The negative effects of the devastation caused by the floods has started showing on tax receipts.


Irshad Ansari August 18, 2010

ISLAMABAD: The negative effects of the devastation caused by the floods has started showing on tax receipts as only Rs24 billion have been collected during the first 16 days of August. The amount is Rs2 billion less than the tax collections recorded during the same period of the last fiscal year.

A senior official of the FBR told The Express Tribune that it has collected a total of Rs24 billion during the first 16 days of the current month, compared with Rs26 billion rupees collected in the first 16 days of August 2009.

Officials disclosed that the tax receipts by this time of the month should have been about Rs40 billion. The pace of tax receipts has slowed down due to the damage wreaked by the floods.

It has been learnt that the overall target set for the current month was set at Rs102.4 billion rupees but since only Rs24 billion have been recovered so far, the chances of the target being met are very slim.

Sources also said that the tax target for August was set with an addition of 18.8 per cent to that of the last year.

Of the total, the target of the direct tax (income tax) receipts was kept at Rs32 billion. Of the indirect taxes, Rs46 billion was the targeted collection in the form of sales tax and Rs12.4 billion in the shape of federal excise duty.

Flood surcharge

The Federal Bureau of Revenue (FBR) has decided that it will fix the rate of flood surcharge or flood duty in the light of the figures of the damages by the flood.
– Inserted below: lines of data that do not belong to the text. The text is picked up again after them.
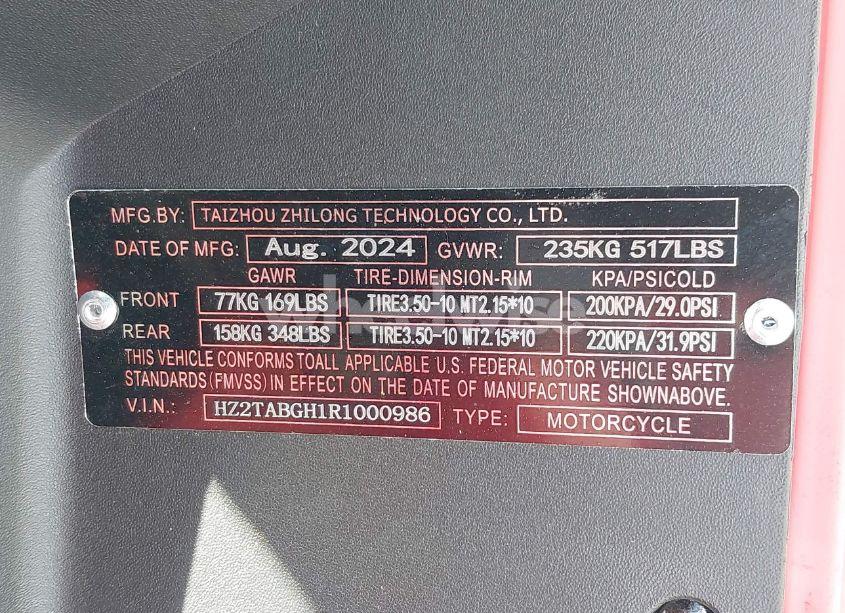Photo 10 of 2024 Tztc Scooter N/A (VIN HZ2TABGH1R1000986)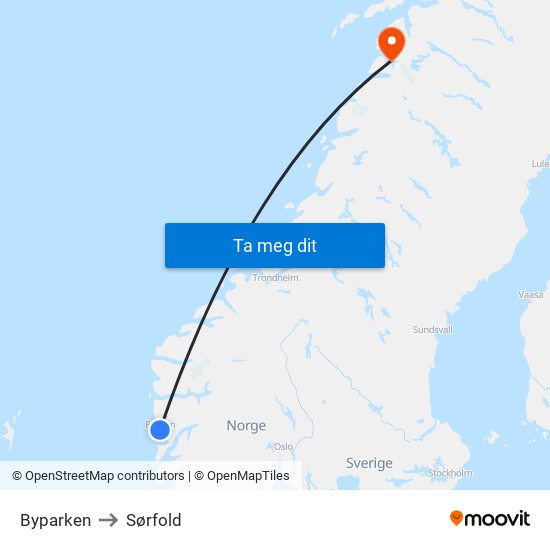 Byparken to Sørfold map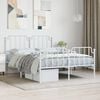 vidaXL Bed Frame White Powder-Coated Steel 55.1 x 74.8 in Bed Frame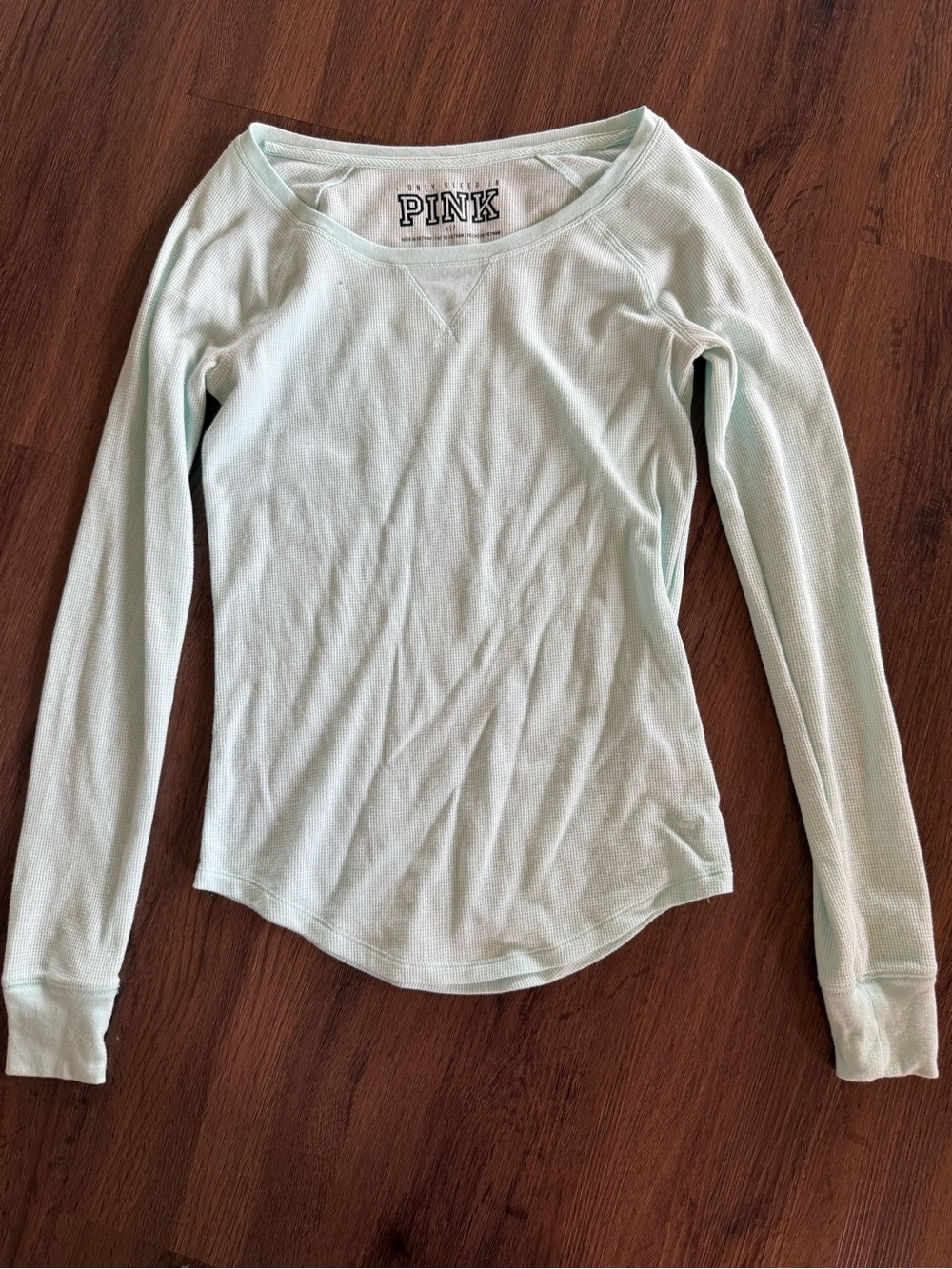 PINK Victoria's Secret Long Sleeve Scoop Neck Thermal Top in Light Mint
An official of the FBR said that after the statistics about the total damages caused by the floods will have been compiled, the amount of the additional revenue required will be estimated and the rate of flood duty or flood surcharge will be decided.

It has been learnt that the surcharge will not be levied on income but rather on the amount of tax deposited.

Published in The Express Tribune August 18th, 2010.